L’esperienza maturata in 27 spedizioni su montagne over 6000 metri, la voglia e la capacità di guardarsi dentro. Riflessioni lontane dai luoghi comuni

Un titolo curioso, ma che induce a riflettere. “La montagna non ride e non piange” (Solferino) è l’ultima fatica letteraria di Marco Berti. Alpinista e scrittore, ventisette spedizioni su montagne tra i 6000 e gli 8000 metri e lunghe frequentazioni con le popolazioni locali in Asia, Berti non è mai banale.

Lo abbiamo intervistato nei giorni scorsi a margine di una presentazione del libro, avvenuta a Cortina nell’ambito di “Una montagna di libri” in un dialogo con Francesco Chiamulera, responsabile del festival letterario. “Questo è prima di tutto un omaggio alla montagna”, esordisce l’autore. «Niente di tecnico. C’è il mio vissuto ma non è un’autobiografia. È un racconto, attraverso una scalata che ho fatto da ragazzo, in cui faccio una serie di riflessioni sul mondo della montagna, soprattutto sull’amicizia».

Se non ride e non piange, cosa fa allora la montagna?

«È una frase che ripeto da trent’anni. Non sopporto in particolare quando si dice che la montagna è assassina. La montagna non è umana. Siamo noi che scegliamo la montagna come un luogo per esprimerci. Certe volte l’incidente nasce da situazioni sfortunate, certe altre sai che il rischio è elevato. Lo dico soprattutto per la gente che la montagna la guarda dal basso e che più si fa impressionare da questi termini. E in montagna non esistono eroi. Eroi sono solo gli uomini del Soccorso alpino che non di rado perdono la vita per salvare quella degli altri».

È ancora vero che in montagna si manifesta la semplicità del vivere?

«Per semplicità io intendo affrontare la montagna con il mio stile, utilizzando le risorse psicologiche e fisiche, al di là dell’evoluzione dei materiali.
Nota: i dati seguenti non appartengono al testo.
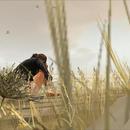 Thumb 5e67ac23d9859c62bd591454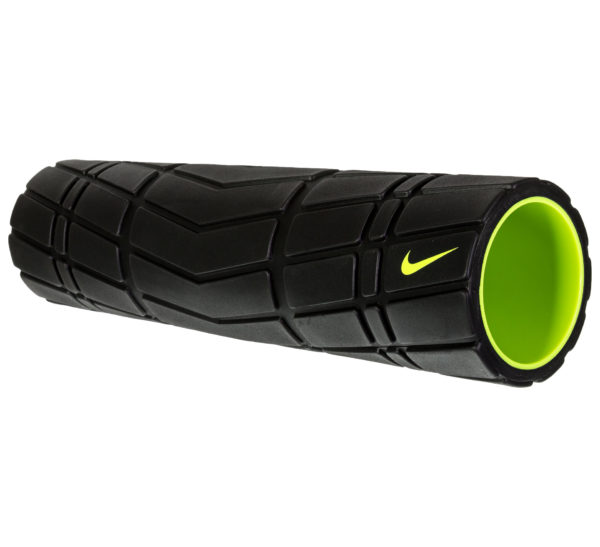 Nike Recovery Foam Roller 20"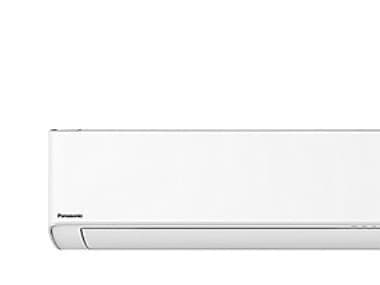 Panasonic CS-NZ50YKE-1 - R32, 5,0 kW jäähdytys, ilma/ilma VP, SEER 8,0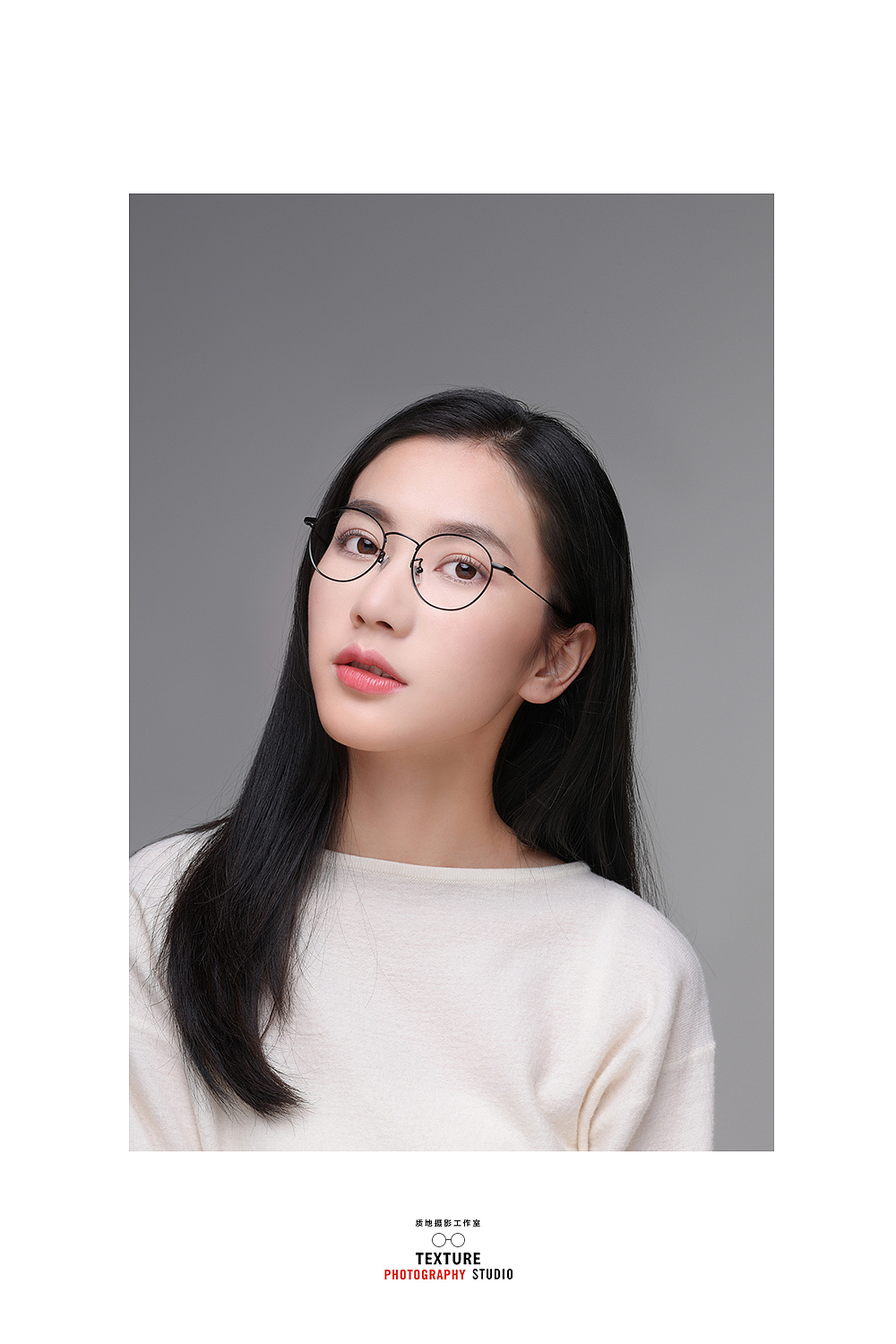 网易严选产品摄影（图ZMTQ4NDM4NDI4） - 产品摄影 - 站酷设计师LensVision摄影原创素材 - 站酷ZCOOL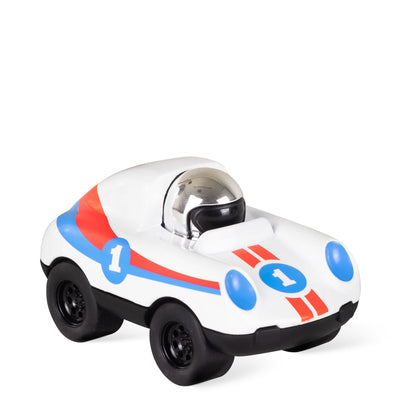 Presto Racers Preview #4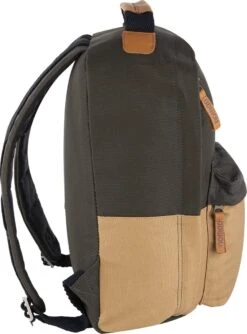 NOMAD® Clay 18 Rugzak 17 NOMAD® Clay 18 Rugzak -Beroemde Bagage Winkel 887x1200 2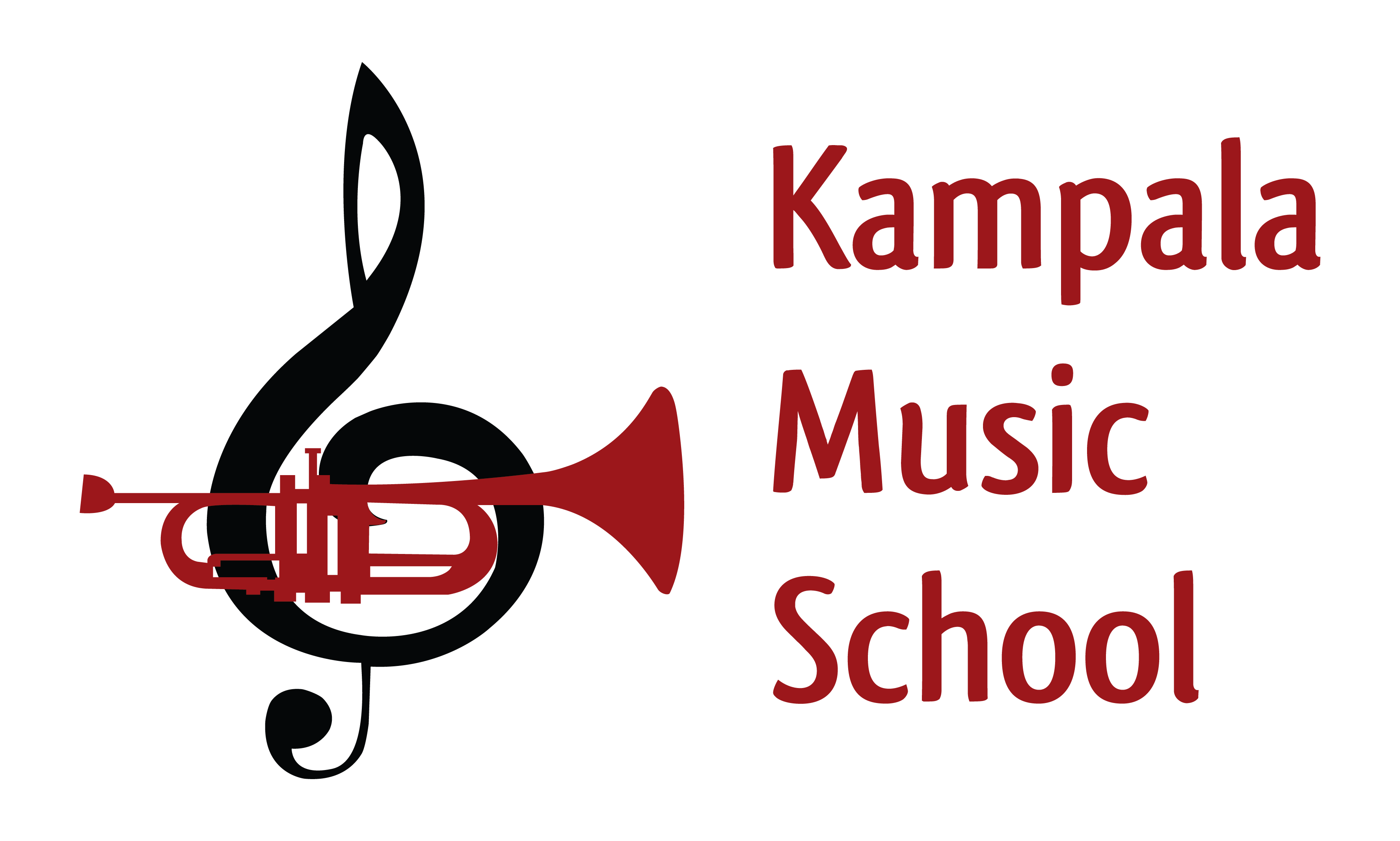 Kampala Music School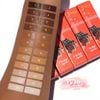 Che khuyết điểm Juvia's Place I am Magic Concealer 10ml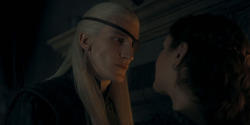 HouseOfTheDragon_3x01-SaltAndSeaFireAndBlood_3277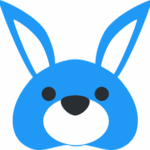 Joingy logo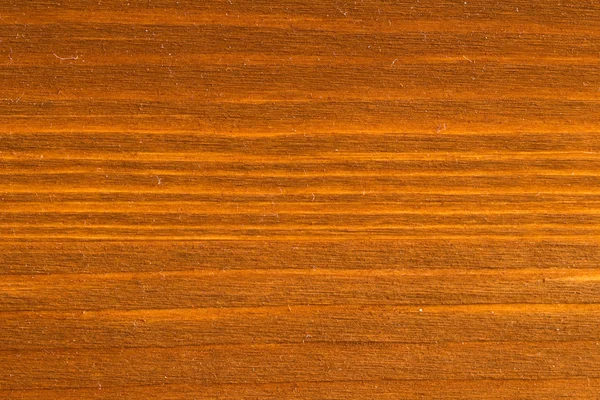 Textura de madera fondo — Foto de Stock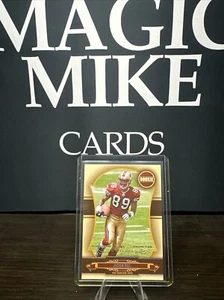 2007 Donruss Classics - Rookie Timeless Tributes Bronzo #184 Jason Hill /100... - Foto 1 di 3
Soprattutto nelle situazioni difficili sei costretto ad essere semplice. Puoi avere tutti gli strumenti che vuoi, ma sei obbligato a ricorrere alle tue risorse basiche, che sono semplici e che si esprimono con la tua persona».

Sembra che si assista a un appiattimento, che la montagna non sia così distante dallo stile di vita cittadino. Concorda?
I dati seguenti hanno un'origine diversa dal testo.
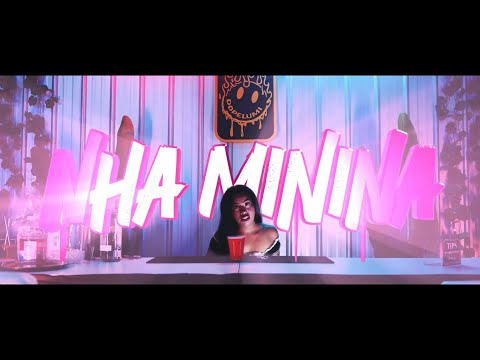 DOPELUMI MUSIC and Rednav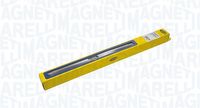 MAGNETI MARELLI Wischblatt, Art.-Nr. 000723114308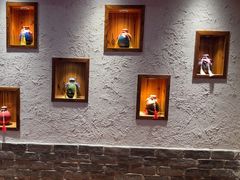 -有位虾匠·胶东土菜小馆(市北店)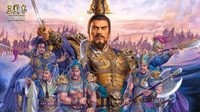《三国志战略版》同盟人才管理与赛季备战思路分享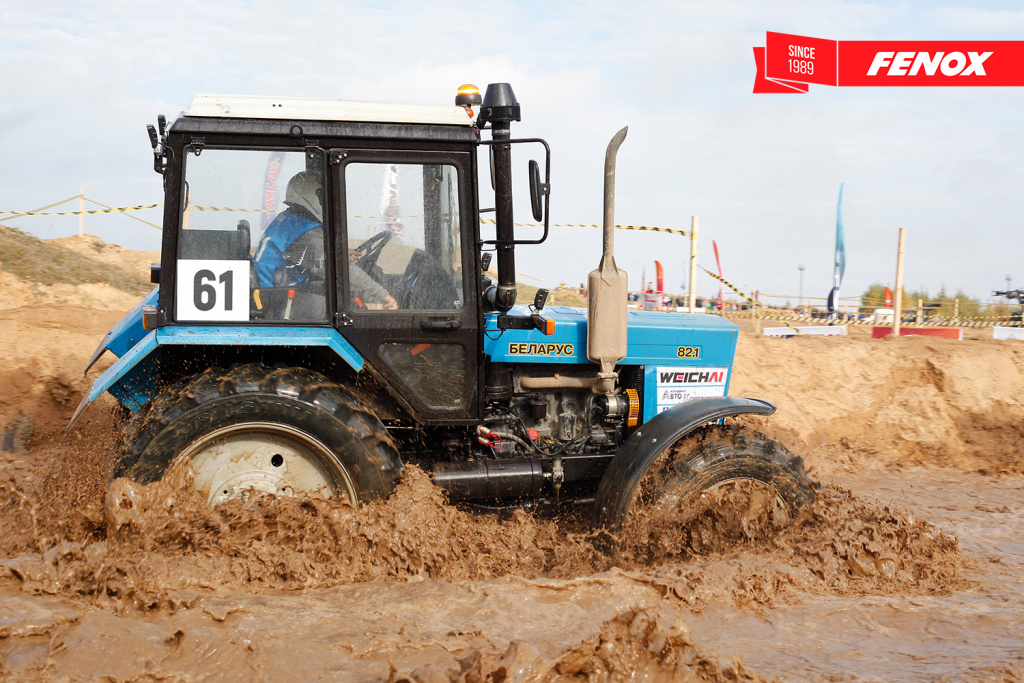 mtz_3.jpg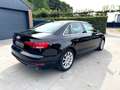 Audi A4 A4 35 TFSI S tronic advanced - thumbnail 4
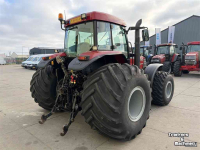 Tractor / Trekker Case-IH MX 135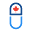 YouDrugstore Icon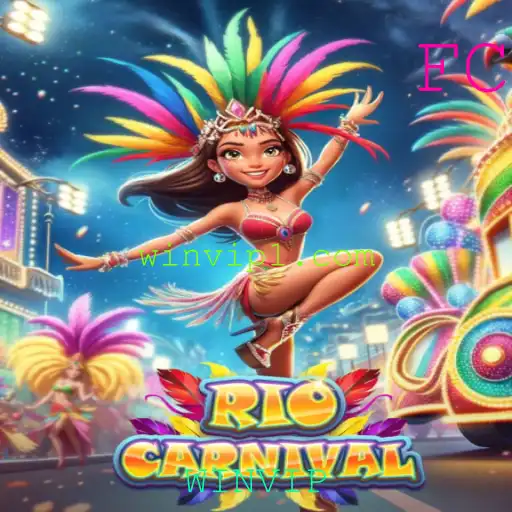 Descubra o Fascinante Mundo do Jogo 'RioCarnival'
«Condivido. Oggi sui social la gente, quando deve fare vedere cosa ha fatto, soprattutto in ambito escursionistico, non racconta l’emozione, mette il dislivello, la difficoltà, le ore, sempre in competizione con qualcuno. Non c’è quasi mai un vissuto della montagna fatto di un bisogno interiore di andare là, e di ricevere di ritorno da parte della montagna le emozioni che cerchiamo, ma è sempre un apparire e un misurarsi con gli altri. La montagna sta subendo questo tipo di persone. La montagna che non piange e non ride subisce l’uomo che è devastante. Se la gente andasse in montagna per il piacere di vivere quell’esperienza probabilmente il turismo sarebbe molto più distribuito e certi luoghi meno inflazionati».

Quale una possibile ricetta contro lo spopolamento della montagna?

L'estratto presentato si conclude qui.